# slot car show in Canton Mich?



## tasman (Feb 17, 2007)

My brother was at a toy show in Toledo, OH this weekend and one of the folks who had a table with some slot cars said something about a small slot car show in Canton, MI sometime in the next couple of weeks. 

Anyone know about this?


----------



## kazooracer (Jul 19, 2005)

It was yesterday. 

http://www.vintageslotcars.org/2015/10/2015-fall-edition-of-detroit-slot-car.html


----------



## twolff (May 11, 2007)

The Canton show was in a Bar and on a Sunday! Both shows are news to me 
I haven't had a track setup since Oct. of 2013, but it all survived a divorce and move. The slot table is setup in the basement and has only one RC airplane on it. So close...


----------



## tasman (Feb 17, 2007)

My brother goes to the Toledo toy show - I usually don't. It has recently been held at Tam O'Shanter. He said there were a few guys there with some slot cars. Said most of the prices were pretty high for the HO slot car stuff.

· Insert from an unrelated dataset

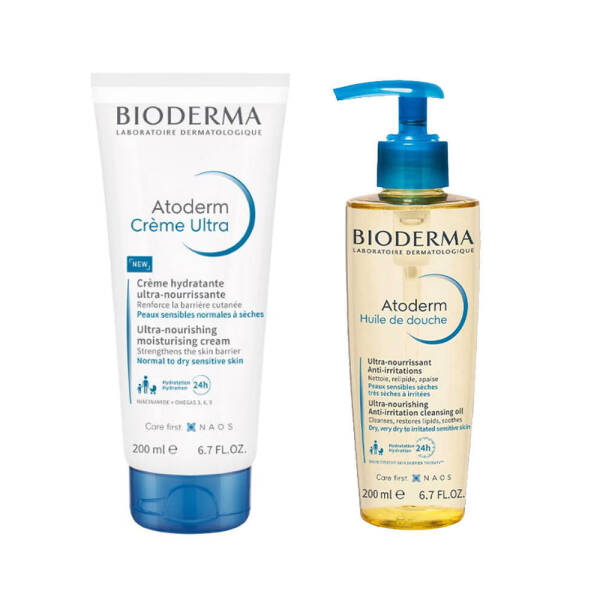 Bioderma Atoderm Cream 200ml + Shower Oil 200ml Set - 1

No vendors there with HO parts.

Also, there is a train and toy show that has been held at Owens Community College the past couple of times. I went 2 shows ago because the guy from Motor City Toyz was there and had some AW stuff. I don't beleive he was at the last show. He also shows up to the Toledo toy show sometimes. Wasn't there this time.

We used to go to a show that was held at Taylor Town (Taylor Michigan). I have not seen any advertisment for that show in probably 3 years now.


----------



## A/FX Nut (May 28, 2004)

tasman said:


> My brother goes to the Toledo toy show - I usually don't. It has recently been held at Tam O'Shanter. He said there were a few guys there with some slot cars. Said most of the prices were pretty high for the HO slot car stuff.
> 
> No vendors there with HO parts.
> 
> ...




The man who owns Motor City Toyz is Jeff Clemence. He got a new job recently and hasn't been able to attend the shows lately. With his old job he was attending just about every show going. I heard he was going to be at the Midwest Show in November. 

Randy.


----------



## ajd350 (Sep 18, 2005)

A/FX Nut said:


> The man who owns Motor City Toyz is Jeff Clemence. He got a new job recently and hasn't been able to attend the shows lately. With his old job he was attending just about every show going. I heard he was going to be at the Midwest Show in November.
> 
> Randy.


Confirmed. Jeff has tables.


----------



## A/FX Nut (May 28, 2004)

ajd350 said:


> Confirmed. Jeff has tables.



Thank you Al.


----------